■ TASK REQUIREMENTS ■
Return the listing that follows exactly, with no pictures included.

■ PROVIDED RECORDS ■
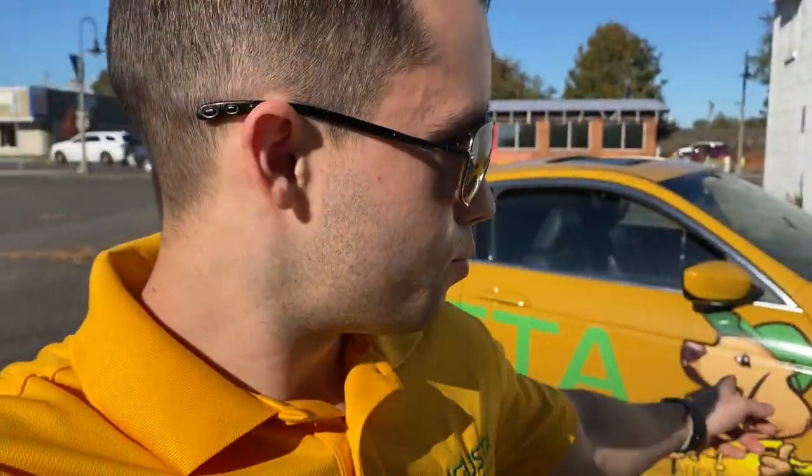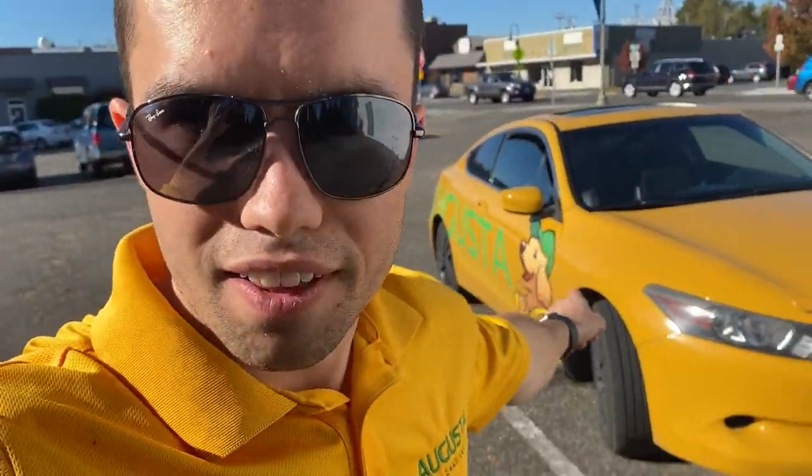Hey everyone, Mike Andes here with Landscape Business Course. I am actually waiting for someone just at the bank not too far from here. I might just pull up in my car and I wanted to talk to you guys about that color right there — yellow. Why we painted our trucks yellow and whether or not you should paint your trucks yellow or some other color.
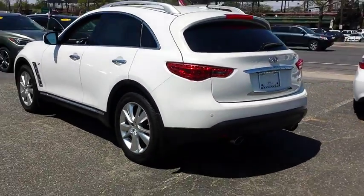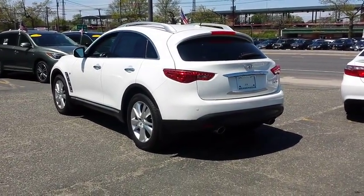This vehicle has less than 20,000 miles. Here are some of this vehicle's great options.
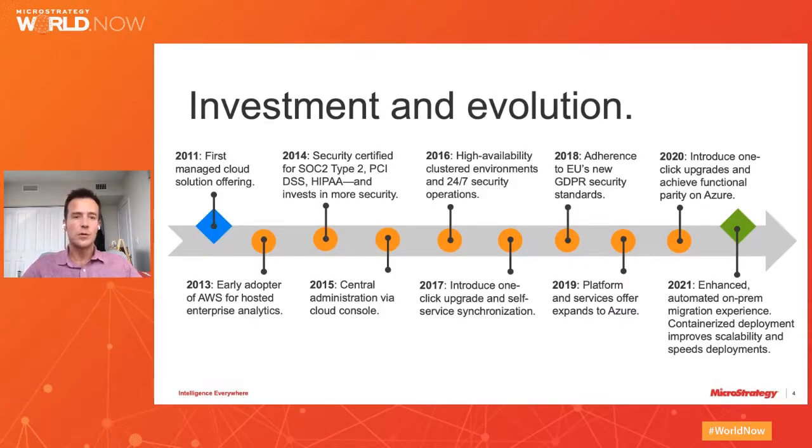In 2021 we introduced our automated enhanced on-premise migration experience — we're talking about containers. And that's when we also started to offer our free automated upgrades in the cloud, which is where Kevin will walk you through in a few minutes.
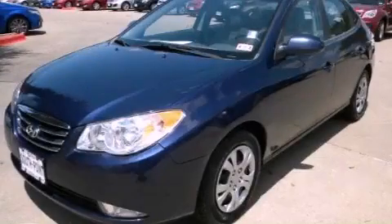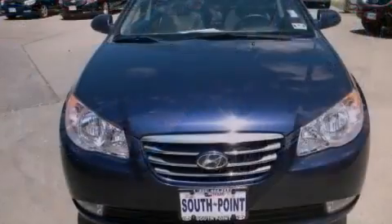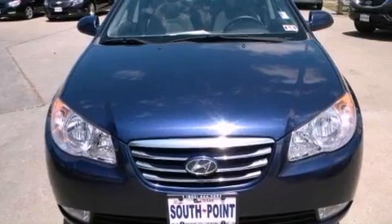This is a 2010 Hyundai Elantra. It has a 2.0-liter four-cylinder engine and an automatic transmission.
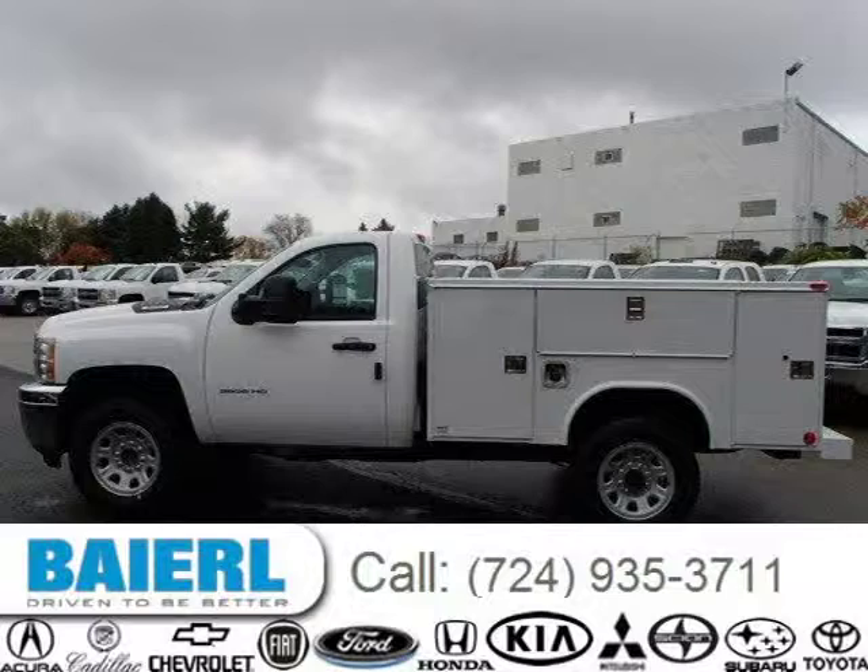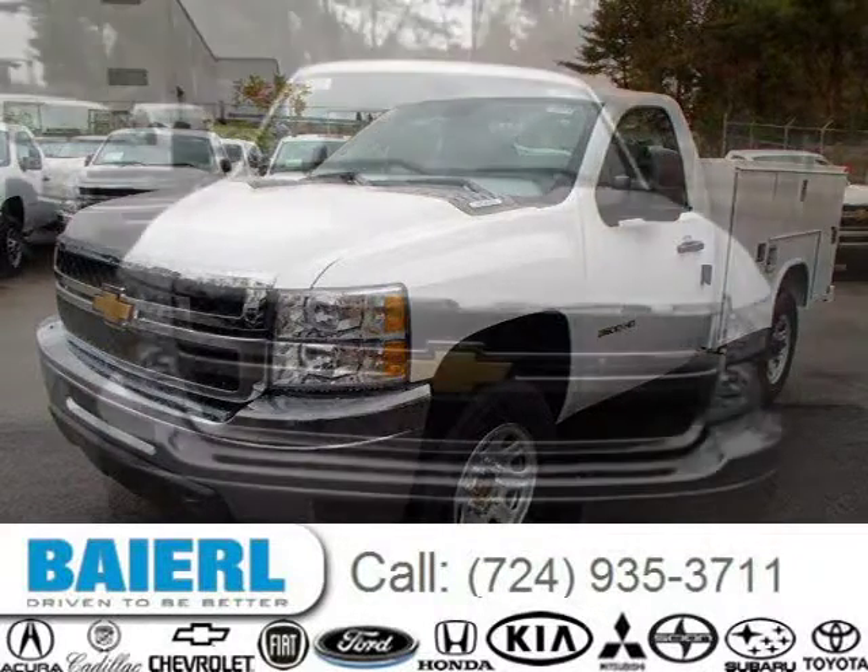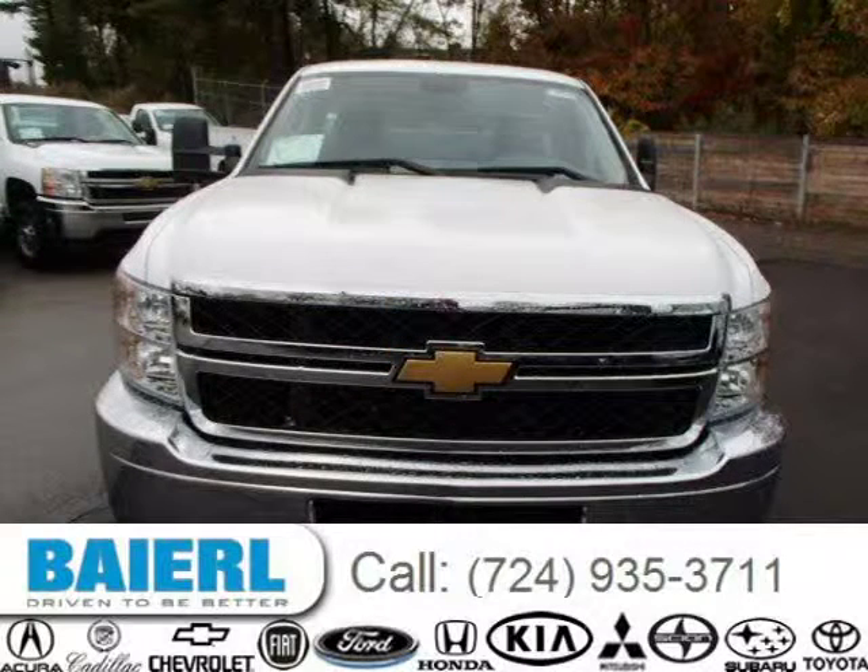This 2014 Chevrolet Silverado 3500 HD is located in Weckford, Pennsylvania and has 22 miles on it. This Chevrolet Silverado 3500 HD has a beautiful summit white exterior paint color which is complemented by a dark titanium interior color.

■ RESULT OF THIS TASK ■
Hey everyone, Mike Andes here with Landscape Business Course. I am actually waiting for someone just at the bank not too far from here. I might just pull up in my car and I wanted to talk to you guys about that color right there — yellow. Why we painted our trucks yellow and whether or not you should paint your trucks yellow or some other color.
This vehicle has less than 20,000 miles. Here are some of this vehicle's great options.
In 2021 we introduced our automated enhanced on-premise migration experience — we're talking about containers. And that's when we also started to offer our free automated upgrades in the cloud, which is where Kevin will walk you through in a few minutes.
This is a 2010 Hyundai Elantra. It has a 2.0-liter four-cylinder engine and an automatic transmission.
This 2014 Chevrolet Silverado 3500 HD is located in Weckford, Pennsylvania and has 22 miles on it. This Chevrolet Silverado 3500 HD has a beautiful summit white exterior paint color which is complemented by a dark titanium interior color.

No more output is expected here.